Let's say I have the following tibble made by the tibble
and haven
packages:
library(tibble)
library(haven)
# Create numerical values
values <- c(1:5)
# Combine values and colors into a named vector
color_choices <- setNames(values, c("Don't know", "Red", "Blue", "Green", "Yellow"))
name_choices <- setNames(values, c("Don't know", "John", "Paul", "Ringo", "George"))
# Create a tibble with the labelled column
data <- tibble(respondent_ID = seq(1:10),
colour_choice = labelled(sample(1:5, 10, replace = TRUE), labels = color_choices),
name_choice = labelled(sample(1:5, 10, replace = TRUE), labels = name_choices))
data
Now I want to change the haven labels of some of the variables. Specifically I only want to change the the label for value = 1
from "Don't know"
to "Not sure"
, but I want to do this across multiple variables.
This achieves the result I want for the colour_choice
variable:
data_replaced <- data
color_choices2 <- color_choices
names(color_choices2)[1] <- "Not sure"
val_labels(data_replaced$colour_choice) <- color_choices2
However, this is tedious for two reasons; first, even for one variable it is inefficient as it involves making a new named vector for all of the labels in the variable when there is only one that needs replacing. [val_labels(data_replaced$colour_choice) <- c("Not sure" = 1)
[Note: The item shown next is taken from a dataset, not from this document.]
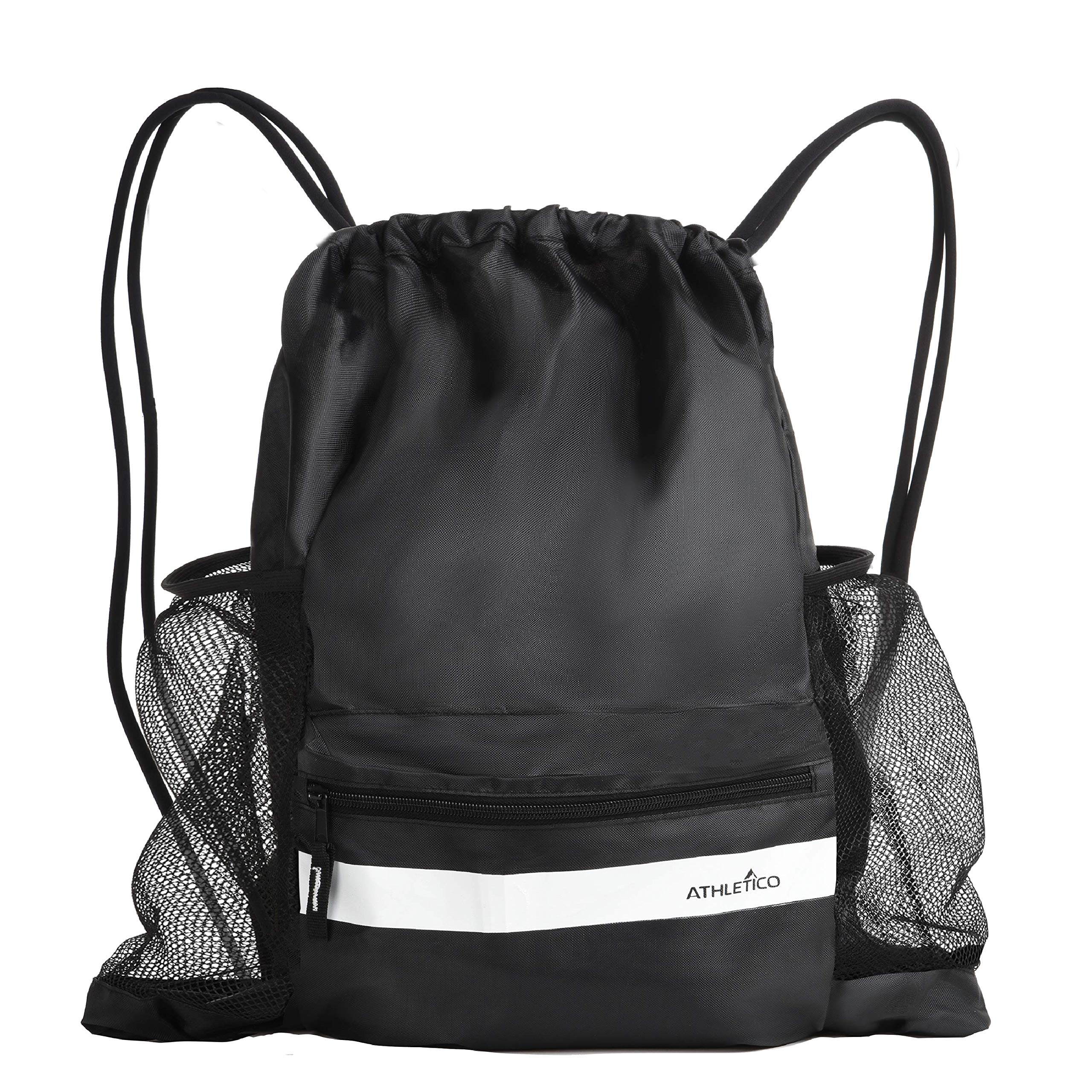 Athletico Drawstring Soccer Bag - Soccer Backpack Can Also Carry Baskeyball or Volleyball (Black)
results in the other labels being removed]. And, second, it is absolutely not scalable.
I have been experimenting with a dplyr approach (which would be preferable anyway) using the memisc::relabel
function but keep hitting walls and was wondering if anyone can make a suggestion? Here is where I am at:
data_replaced <- data %>%
mutate_at(vars(colour_choice, name_choice), ~ memisc::relabel(., "Don't know" = "Not sure"))
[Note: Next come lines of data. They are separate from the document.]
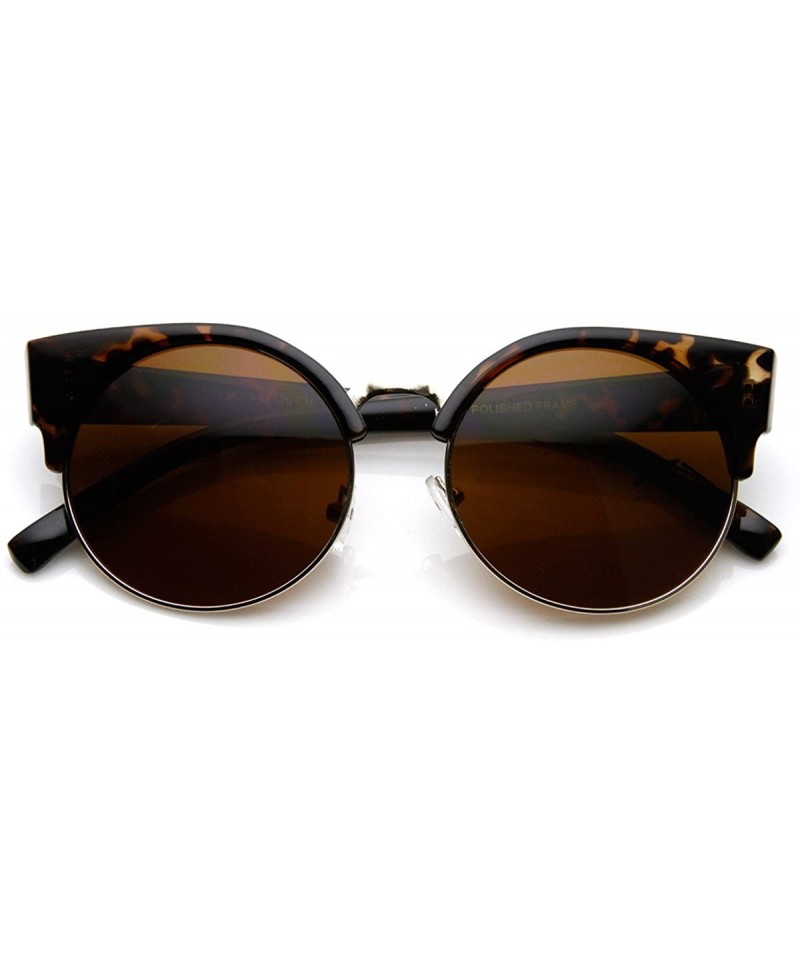 Semi-rimless Round Circle Half Frame Semi-Rimless Cateye Sunglasses (Tortoise) - CY11DHWO079 $12.79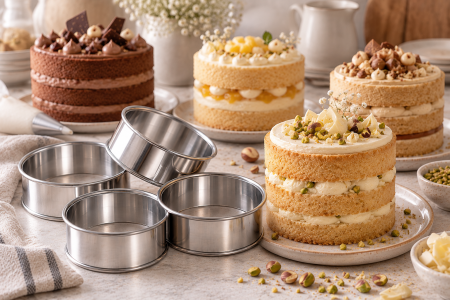 Totul pentru Cofetarie, Patiserie,Pizza - Formă Rotundă pentru Patiserie Ø 8cm- Set 4 bucati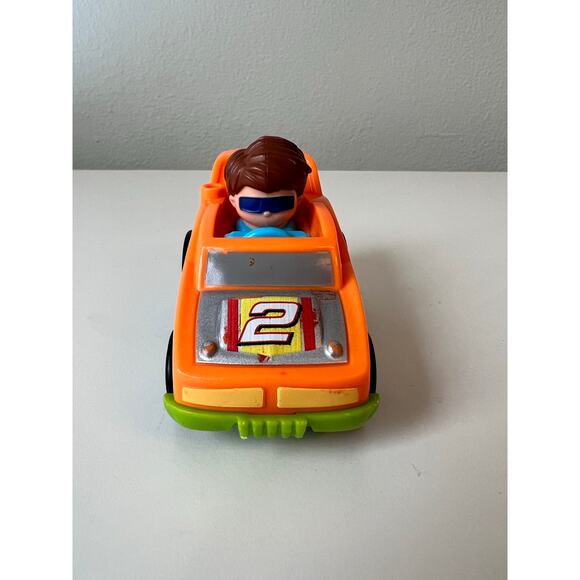 Fisher-Price Wheelies #2 Orange Green Roadster Race Car Vehicle Mattel - Picture 5 of 6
You can make a helper function using labelled:val_label<-
, then call it in mutate(across())
:
library(dplyr)
library(labelled)
set.seed(13) # for OP's sample data
change_value_label <- function(x, value, new_label) {
val_label(x, value) <- new_label
x
}
data %>%
mutate(across(
colour_choice:name_choice,
\(x) change_value_label(x, 1, "Not sure")
))
# # A tibble: 10 × 3
# respondent_ID colour_choice name_choice
# <int> <int+lbl> <int+lbl>
# 1 1 3 [Blue] 5 [George]
# 2 2 5 [Yellow] 4 [Ringo]
# 3 3 2 [Red] 1 [Not sure]
# 4 4 5 [Yellow] 5 [George]
# 5 5 4 [Green] 1 [Not sure]
# 6 6 5 [Yellow] 4 [Ringo]
# 7 7 4 [Green] 1 [Not sure]
# 8 8 3 [Blue] 3 [Paul]
# 9 9 1 [Not sure] 4 [Ringo]
# 10 10 2 [Red] 5 [George]
You could tweak the function to take the label to be changed rather than the value (e.g, swap_value_label(x, "Don't know", "Not sure")
). This has the added benefit of working even if the label to be changed doesn't have a consistent value across different variables.
swap_value_label <- function(x, old_label, new_label) {
value <- val_labels(x)[[old_label]]
val_label(x, value) <- new_label
x
}